Back in the glory days of Walt Kelly's comic strip "Pogo," before it became too verbose for me to follow, there was a manic and aggressive Bun Rabbit who proclaimed holidays on a drum. Not content to be limited to the usual ones, he went to such extremes as Knecht Ruprecht's Visiting Day and the Festum Stultorum. Now I can read Latin as good as the next man (whose name is, incidentally M. Tullius Cicero). But recognizing that the latter festival was the Feast of Fools didn't enlighten me much as to its actual nature, which necessity has just now forced me to track down.
It seems that in the later medieval Church it became a practice here and there to devote certain holidays to various ranks of the clergy. The sub-deacons' day came shortly after Christmas, the date varying from place to place. Since youth will have its fling, things soon got out of hand, and the young men kicked up their heels, conducted a farcical mass, sang dirty songs, burned old shoes for incense, and feasted on the high altar. Some day this outrageous behavior was a holdover from the Roman Saturnalia. Others (with whom I am inclined to agree) view it as a healthy and harmless way of blowing off steam. Apparently Church officials could do little more than try to tone it all down, and the Festum Stultorum lasted until the seventeenth century when it flickered out in the 1660s.

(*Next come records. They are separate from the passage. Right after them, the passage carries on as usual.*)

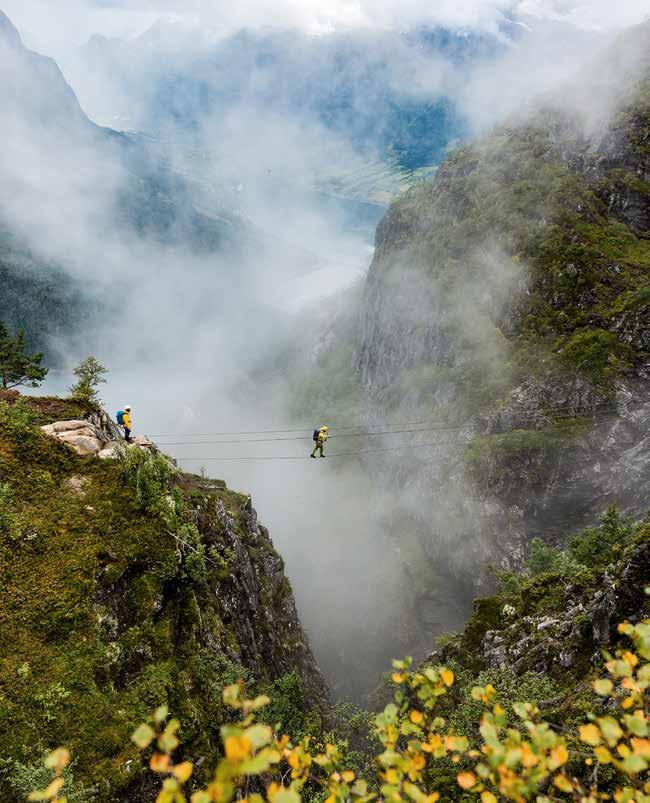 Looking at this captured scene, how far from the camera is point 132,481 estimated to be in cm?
1945

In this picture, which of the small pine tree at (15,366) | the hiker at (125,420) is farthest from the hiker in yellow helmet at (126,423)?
the small pine tree at (15,366)

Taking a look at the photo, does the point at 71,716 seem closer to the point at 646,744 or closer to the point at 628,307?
the point at 646,744

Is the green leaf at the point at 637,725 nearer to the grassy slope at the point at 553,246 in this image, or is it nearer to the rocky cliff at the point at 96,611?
the rocky cliff at the point at 96,611

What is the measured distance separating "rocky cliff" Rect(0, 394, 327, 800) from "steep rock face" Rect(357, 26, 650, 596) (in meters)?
48.7

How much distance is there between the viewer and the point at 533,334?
219ft

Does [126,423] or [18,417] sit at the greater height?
[126,423]

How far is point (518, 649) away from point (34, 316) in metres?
227

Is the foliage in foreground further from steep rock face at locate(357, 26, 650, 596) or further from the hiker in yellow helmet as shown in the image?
steep rock face at locate(357, 26, 650, 596)

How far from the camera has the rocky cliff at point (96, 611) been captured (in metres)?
12.4

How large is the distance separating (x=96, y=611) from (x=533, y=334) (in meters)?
66.9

The Festum Stultorum was by no means the only parody of the Mass and other offices. There was the Beauvais Feast of the Ass in which priest and celebrants hee-hawed, and there were Masses for drunkards and gluttons. I possess a recording of a "Bacchic Vesper Service" written c. 1770 by Josef Roskovsky, by then called Father Pantaleon. Yet another example is the Officium lusorum or "Gamblers' Mass" which occupies the second side of this record, and is No. 215 of the Carmina Burana. The tunes are genuine Gregorian chants, though I believe the work follows the pattern of the daily Offices rather than that of high mass. The texts are outrageous (but not obscene) parodies; the opening of the ''Gospel'' should suffice to give the flavor: '' According to the false gospel of the silver mark ... '' (The first side of the record contains two extended songs, one a secular sequence, the other containing trouvere and Minnesinger elements.)
This is, as noted, the third volume of Dr. Clemencic's heroic attempt to present us with the "complete" medieval settings of the Benediktbeuren poems. I have remarked in the past that the vocalists in this series take a swinging, free-wheeling, and sometimes raucous approach to the songs, treating them as the popular music they undoubtedly were. I begin to think that Dr. Clemencic also intends to give us en passante the full panoply of musical instruments that were used in the Middle Ages (or might have been used). I note here the presence of coins(!) and a Jew's harp. I was tempted to work up a disquisition on the latter instrument (don't write to correct me about jaws-harps, because that's an exploded myth), but was able to restrain myself. But did you know that there were 19th century Jew's harp virtuosi, one of whom (ow! oh!) eventually wrecked all his front teeth with the instruments? And that some of them wrote for it? On your toes, MHS!